Abstract: The Four Assemblies and the Foundation of the Order of Nuns
According to the account of the foundation of the order of nuns, found with some variations in the different Vinayas preserved in Chinese, Pali, Sanskrit and Tibetan, the Buddha was quite hesitant to permit women to go forth and was persuaded by his monk disciple and attendant Ananda to do so only after repeated pleading. Not only was the Buddha unwilling to institute the order of nuns, but he supposedly even made the prediction that this step would cause his teaching to last for a period of only fivehundred years.
This hesitation and prediction have had and still have a rather negative impact on the way the order of nuns is perceived and thus form one of the contributing factors that make it so difficult to establish an order of nuns in those traditions where the bhiksuni ordination does not at present exist.
A close inspection of the account of the foundation of the order of nuns brings to light several inconsistencies. As already noticed by other scholars, the eight special rules that according to this account were laid down as a pre-condition for the founding of the order of nuns presuppose an already existing bhiksuni-sangha, so that, in the form in which they have come down to us, these eight rules could only have been formulated at a time when nuns were already in existence. Some canonical passages do in fact refer to the ehi bhikkuni type of ordination for nuns, indicating that in the earliest stages of the history of the Buddhist order nuns were ordained with this simple formula, instead of the procedure referred to in the eight special rules.
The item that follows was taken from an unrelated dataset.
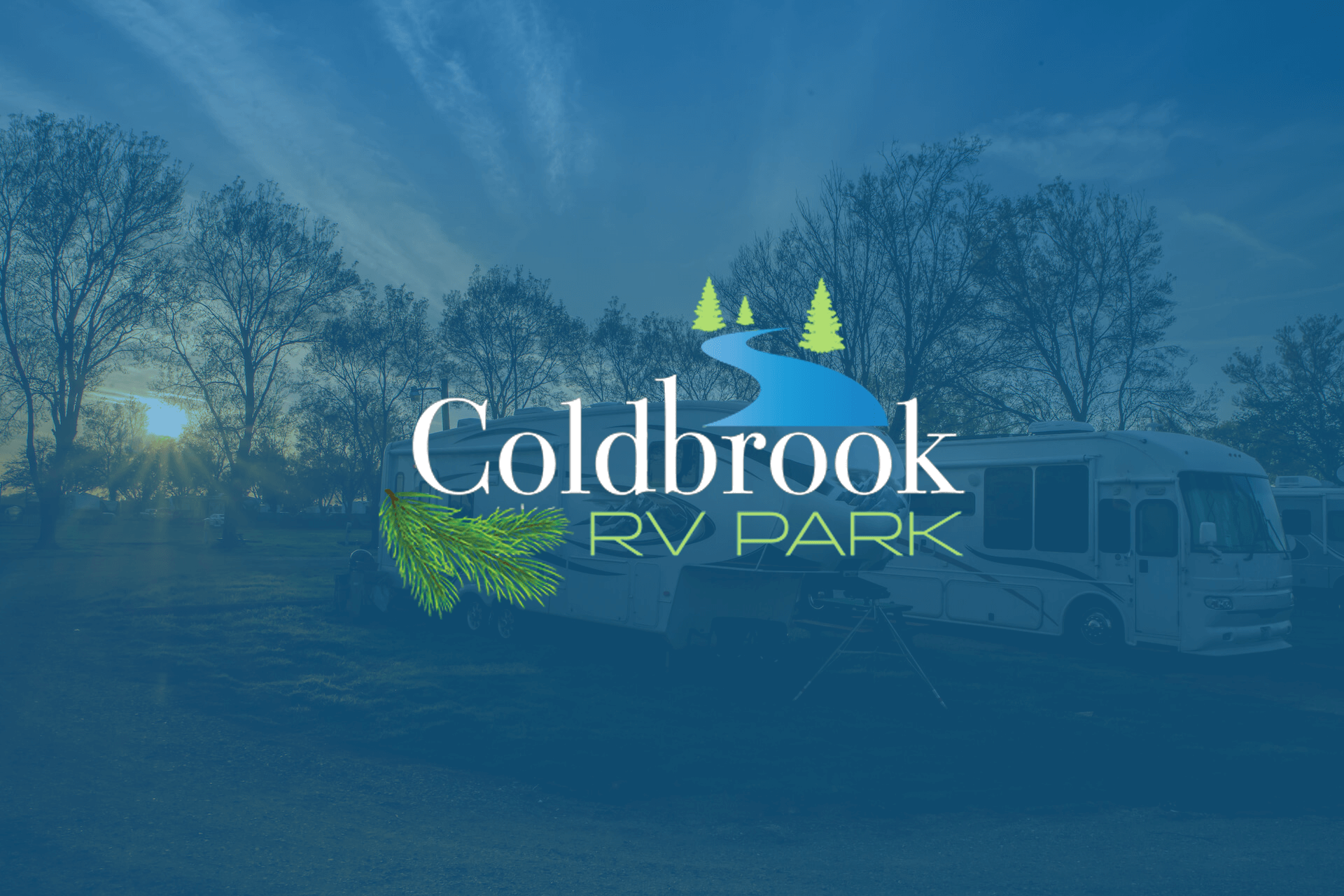 Coldbrook RV Park Camping in Gansevoort, NY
Another problem is a chronological one, a problem that to my knowledge so far has not been noticed by other scholars. According to what can be gleaned from the relevant sources, the foundation of the order of nuns would have taken place in the 5th or 6th year of the Buddha's ministry. A closer examination of the canonical sources brings to light that at this early point of time Ananda still had to become the Buddha's attendant, in fact he still had to ordain. This makes it impossible for him to act as an intermediary in the way his role is depicted in the different Vinayas.
In addition to these internal inconsistencies, the account of the foundation of the order of nuns also does not concord with what can be gleaned from other canonical discourses regarding the Buddha's attitude towards the order of nuns and the role the bhiksuni-sangha played in early Buddhism. Particularly noteworthy is a passage found in the Chinese, Pali, Sanskrit and Tibetan versions of the Mahaparinirvana-sutra, which makes it clear that right after his awakening the Buddha must already have decided to found the order of nuns, since according to this passage he told Mara that he would not pass away until his nun disciples were well established and trained. This passage directly contradicts the hesitancy to establish the order of nuns that the above Vinaya accounts attribute to the Buddha.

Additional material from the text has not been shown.